Pictures with short captions:
----

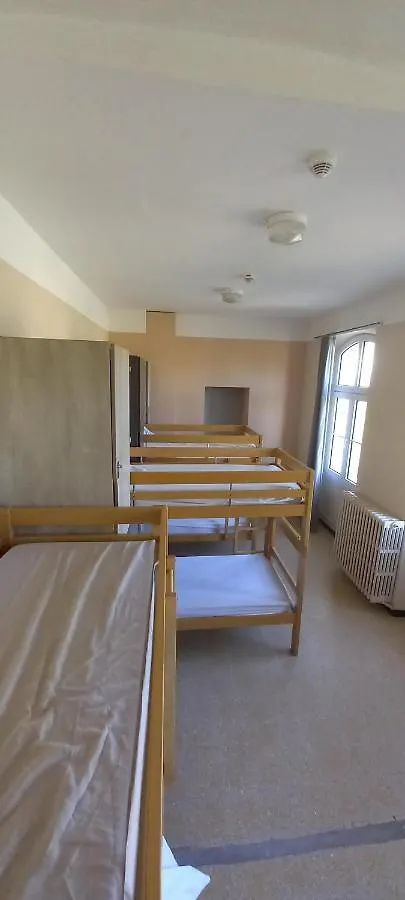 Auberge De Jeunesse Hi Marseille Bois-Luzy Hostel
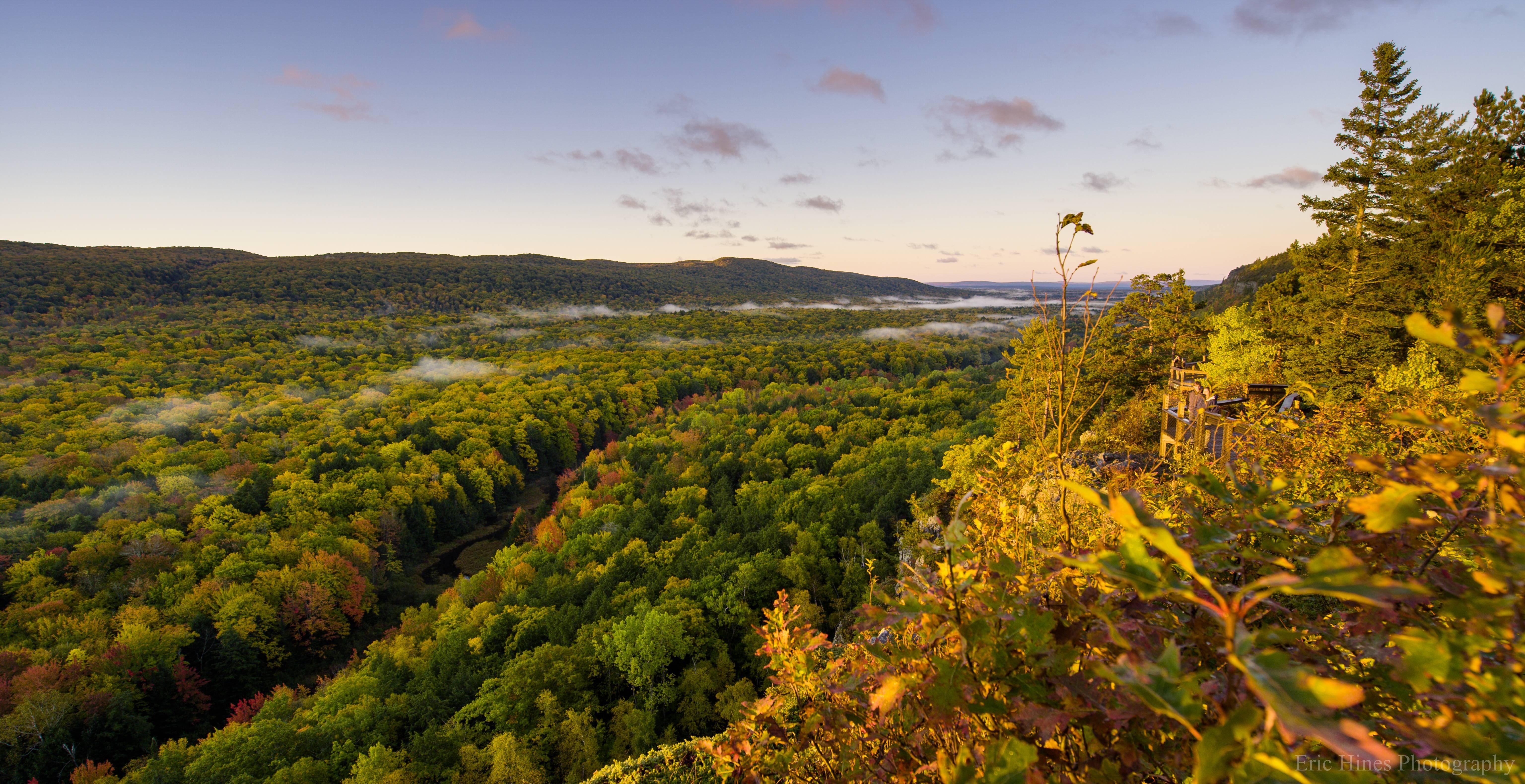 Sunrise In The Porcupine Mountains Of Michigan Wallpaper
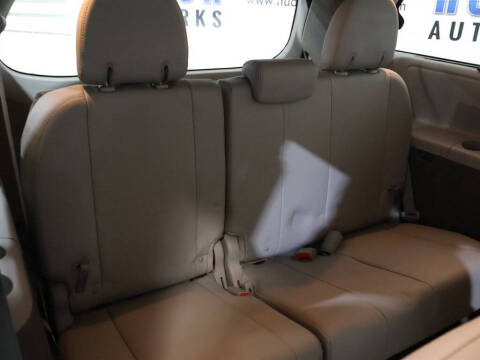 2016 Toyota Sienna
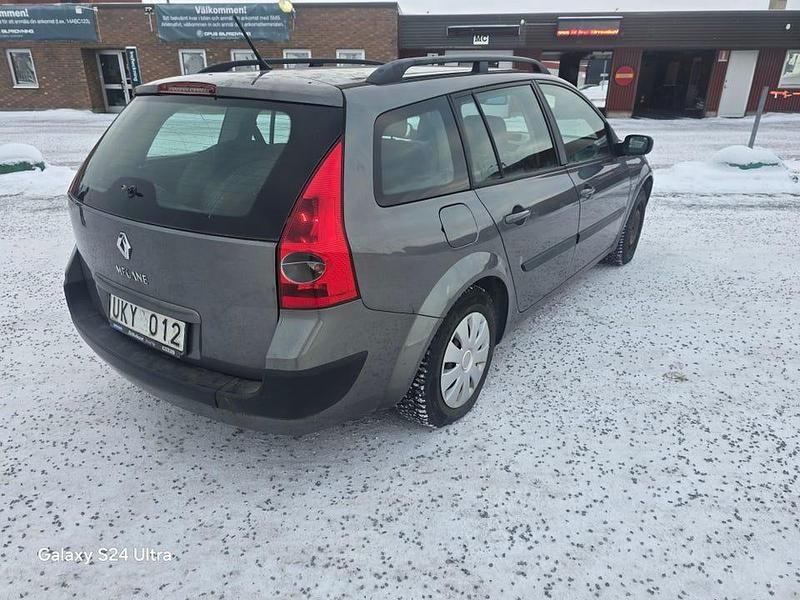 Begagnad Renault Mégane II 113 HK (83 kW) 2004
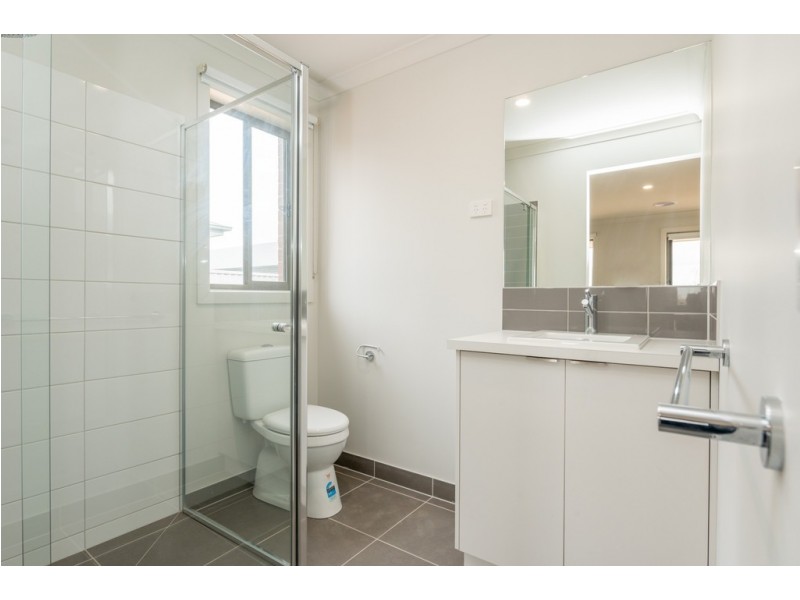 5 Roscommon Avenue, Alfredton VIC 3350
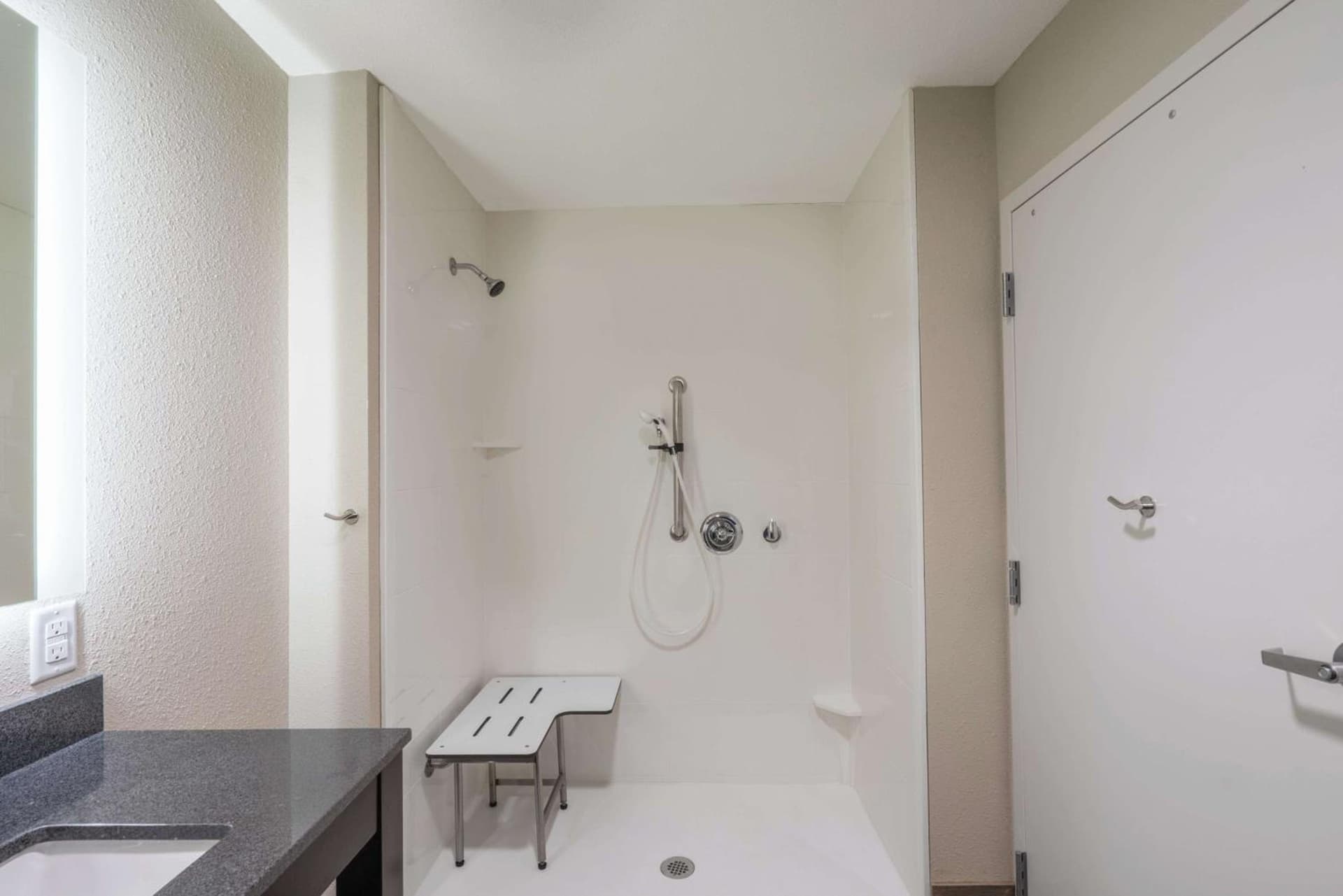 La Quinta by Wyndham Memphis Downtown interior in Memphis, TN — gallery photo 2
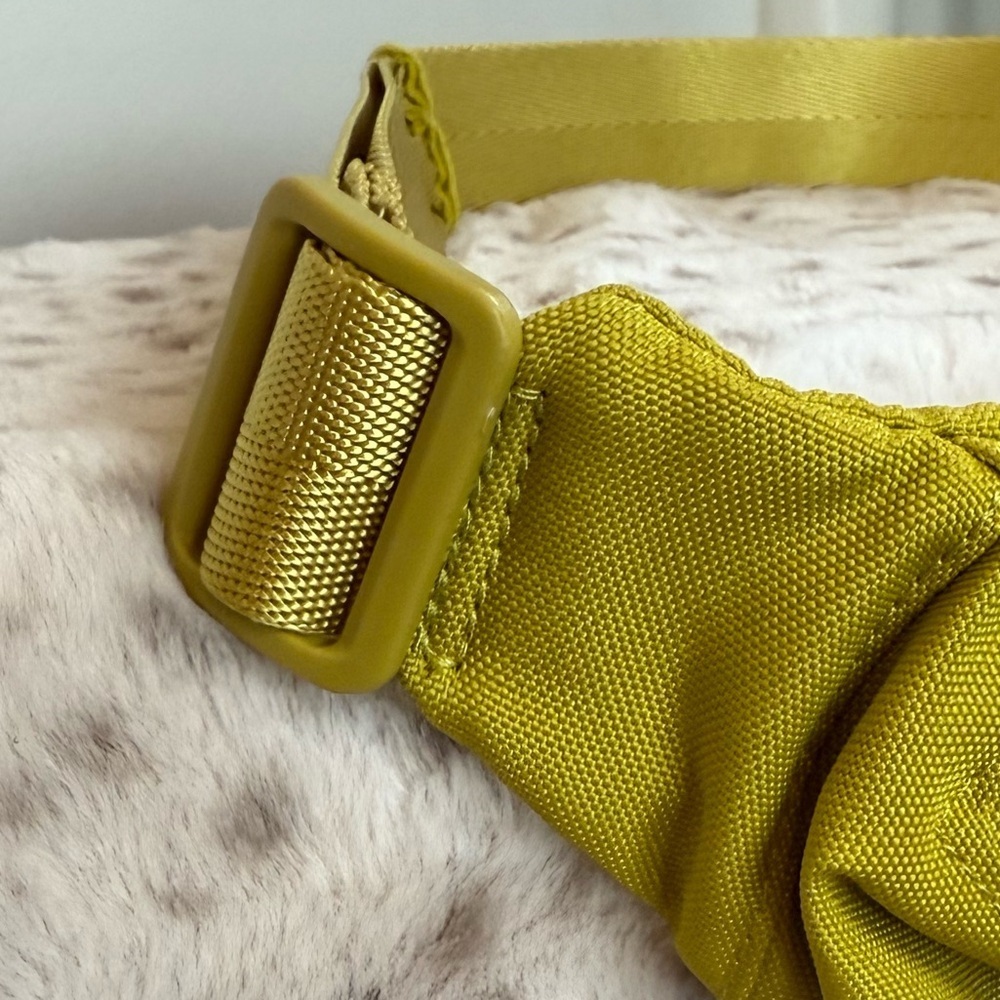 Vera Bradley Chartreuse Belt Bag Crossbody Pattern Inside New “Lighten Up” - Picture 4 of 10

----

### Required action
Return, exactly as they stand, all of the lines above, but not the pictures.

### Solution to the problem
 Auberge De Jeunesse Hi Marseille Bois-Luzy Hostel
 Sunrise In The Porcupine Mountains Of Michigan Wallpaper
 2016 Toyota Sienna
 Begagnad Renault Mégane II 113 HK (83 kW) 2004
 5 Roscommon Avenue, Alfredton VIC 3350
 La Quinta by Wyndham Memphis Downtown interior in Memphis, TN — gallery photo 2
 Vera Bradley Chartreuse Belt Bag Crossbody Pattern Inside New “Lighten Up” - Picture 4 of 10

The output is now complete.